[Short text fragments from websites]

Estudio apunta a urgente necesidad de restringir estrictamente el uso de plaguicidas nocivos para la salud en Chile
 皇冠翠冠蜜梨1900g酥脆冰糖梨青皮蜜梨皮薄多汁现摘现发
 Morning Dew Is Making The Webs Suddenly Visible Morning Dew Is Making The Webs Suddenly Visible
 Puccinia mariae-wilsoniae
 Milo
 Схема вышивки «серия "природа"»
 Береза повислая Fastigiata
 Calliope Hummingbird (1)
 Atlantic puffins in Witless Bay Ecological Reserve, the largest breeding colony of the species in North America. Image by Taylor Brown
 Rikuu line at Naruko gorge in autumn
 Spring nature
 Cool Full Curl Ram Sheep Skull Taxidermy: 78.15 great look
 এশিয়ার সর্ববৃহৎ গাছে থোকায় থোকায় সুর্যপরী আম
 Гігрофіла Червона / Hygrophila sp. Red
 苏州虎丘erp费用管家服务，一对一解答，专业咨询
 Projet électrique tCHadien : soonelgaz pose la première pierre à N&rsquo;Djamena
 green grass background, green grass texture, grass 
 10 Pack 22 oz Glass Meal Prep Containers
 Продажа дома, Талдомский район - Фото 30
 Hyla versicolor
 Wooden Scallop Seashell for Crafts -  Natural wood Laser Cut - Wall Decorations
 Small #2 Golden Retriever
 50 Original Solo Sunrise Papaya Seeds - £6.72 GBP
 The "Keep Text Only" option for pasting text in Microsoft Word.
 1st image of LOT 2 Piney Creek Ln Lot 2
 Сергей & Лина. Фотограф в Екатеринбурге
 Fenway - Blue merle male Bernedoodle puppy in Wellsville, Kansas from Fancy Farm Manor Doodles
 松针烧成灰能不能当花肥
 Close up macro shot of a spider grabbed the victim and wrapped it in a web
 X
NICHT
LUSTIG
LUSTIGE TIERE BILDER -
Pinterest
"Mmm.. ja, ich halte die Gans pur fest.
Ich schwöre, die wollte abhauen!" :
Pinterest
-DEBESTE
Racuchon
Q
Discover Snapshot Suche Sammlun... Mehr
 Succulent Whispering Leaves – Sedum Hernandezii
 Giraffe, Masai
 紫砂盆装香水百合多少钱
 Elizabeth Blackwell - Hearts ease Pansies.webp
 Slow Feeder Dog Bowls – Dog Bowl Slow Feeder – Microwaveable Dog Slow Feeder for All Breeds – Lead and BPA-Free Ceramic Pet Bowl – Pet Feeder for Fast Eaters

Assigned task »
Your answer should repeat every entry exactly.

Exercise result »
Estudio apunta a urgente necesidad de restringir estrictamente el uso de plaguicidas nocivos para la salud en Chile
 皇冠翠冠蜜梨1900g酥脆冰糖梨青皮蜜梨皮薄多汁现摘现发
 Morning Dew Is Making The Webs Suddenly Visible Morning Dew Is Making The Webs Suddenly Visible
 Puccinia mariae-wilsoniae
 Milo
 Схема вышивки «серия "природа"»
 Береза повислая Fastigiata
 Calliope Hummingbird (1)
 Atlantic puffins in Witless Bay Ecological Reserve, the largest breeding colony of the species in North America. Image by Taylor Brown
 Rikuu line at Naruko gorge in autumn
 Spring nature
 Cool Full Curl Ram Sheep Skull Taxidermy: 78.15 great look
 এশিয়ার সর্ববৃহৎ গাছে থোকায় থোকায় সুর্যপরী আম
 Гігрофіла Червона / Hygrophila sp. Red
 苏州虎丘erp费用管家服务，一对一解答，专业咨询
 Projet électrique tCHadien : soonelgaz pose la première pierre à N&rsquo;Djamena
 green grass background, green grass texture, grass 
 10 Pack 22 oz Glass Meal Prep Containers
 Продажа дома, Талдомский район - Фото 30
 Hyla versicolor
 Wooden Scallop Seashell for Crafts -  Natural wood Laser Cut - Wall Decorations
 Small #2 Golden Retriever
 50 Original Solo Sunrise Papaya Seeds - £6.72 GBP
 The "Keep Text Only" option for pasting text in Microsoft Word.
 1st image of LOT 2 Piney Creek Ln Lot 2
 Сергей & Лина. Фотограф в Екатеринбурге
 Fenway - Blue merle male Bernedoodle puppy in Wellsville, Kansas from Fancy Farm Manor Doodles
 松针烧成灰能不能当花肥
 Close up macro shot of a spider grabbed the victim and wrapped it in a web
 X
NICHT
LUSTIG
LUSTIGE TIERE BILDER -
Pinterest
"Mmm.. ja, ich halte die Gans pur fest.
Ich schwöre, die wollte abhauen!" :
Pinterest
-DEBESTE
Racuchon
Q
Discover Snapshot Suche Sammlun... Mehr
 Succulent Whispering Leaves – Sedum Hernandezii
 Giraffe, Masai
 紫砂盆装香水百合多少钱
 Elizabeth Blackwell - Hearts ease Pansies.webp
 Slow Feeder Dog Bowls – Dog Bowl Slow Feeder – Microwaveable Dog Slow Feeder for All Breeds – Lead and BPA-Free Ceramic Pet Bowl – Pet Feeder for Fast Eaters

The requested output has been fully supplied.